10th President of the Standard Oil Company (New Jersey)
- In office January 6, 1943 – June 12, 1944
- Preceded by: William S. Farish II
- Succeeded by: Eugene Holman

5th Chairman of the Standard Oil Company (New Jersey)
- In office December 1, 1942 – January 6, 1943
- In office June 12, 1944 – December 31, 1945
- Preceded by: Walter C. Teagle
- Succeeded by: Frank W. Abrams

Personal details
- Born: May 27, 1881 Salamanca, New York
- Died: July 31, 1952 (aged 71) New York City, New York
- Resting place: Gate of Heaven Cemetery
- Spouse: Mary E. Gallagher

= Ralph W. Gallagher =

American oilman

Ralph W. Gallagher (May 27, 1881 – July 31, 1952) was an American oilman who served as president and chairman of the Standard Oil Company (New Jersey). Gallagher began his career in 1897 at age 16 working for a company owned by Standard Oil. In 1900 he joined the East Ohio Gas Company, which was also owned by Standard. After the breakup of Standard Oil in 1911, East Ohio remained a Jersey Standard subsidiary. In 1923 he was appointed East Ohio's vice-president, and in 1926 president. Gallagher moved to New York in 1933 and that year was elected a director of Jersey Standard. In 1937 he was appointed vice-president, and upon the resignation of Walter C. Teagle in November 1942, was elected the company's chairman. After Jersey's president William S. Farish II died unexpectedly that same month, Gallagher left the chair and took over the presidency. He remained president until June 1944, when he once again became chairman. Gallagher retired at the end of 1945, shortly before he hit Standard's retirement age of 65.

== Biography ==
Ralph W. Gallagher was born on May 27, 1881, in Salamanca, New York to parents of Irish Catholic origin. After his father became ill, Gallagher left high school in 1897 at age 16 to begin working and help provide for his family. Gallagher's first job was at a pumping station in Olean, New York with the New York Transit Company, which was owned by Standard Oil. At some point in the late 1890s, he also worked for the National Transit Company and the United Pipe Lines Company, both of which were Standard-owned companies in Bradford, Pennsylvania. Outside of work hours, Gallagher studied engineering on his own.

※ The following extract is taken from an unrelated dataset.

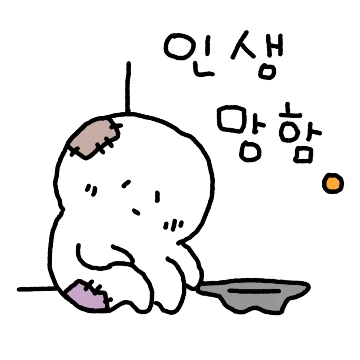 망했을땐 절망콘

In 1900 Gallagher joined the East Ohio Gas Company. His first role was in Akron, Ohio as a shop foreman. He quickly rose through the company's ranks, and in 1908 was transferred to Cleveland to serve as the superintendent of the company's pipeline system. In 1910 he was put in charge of the company's gas plants and main lines. Upon the breakup of Standard Oil in 1911, East Ohio became the property of Standard Oil of New Jersey. Gallagher continued to rise within East Ohio; in 1923 he was elected a director and was appointed vice-president. That same year he became the president of the American Gas Association. In 1926 he was appointed president and also began undertaking assignments for Standard Oil of New Jersey.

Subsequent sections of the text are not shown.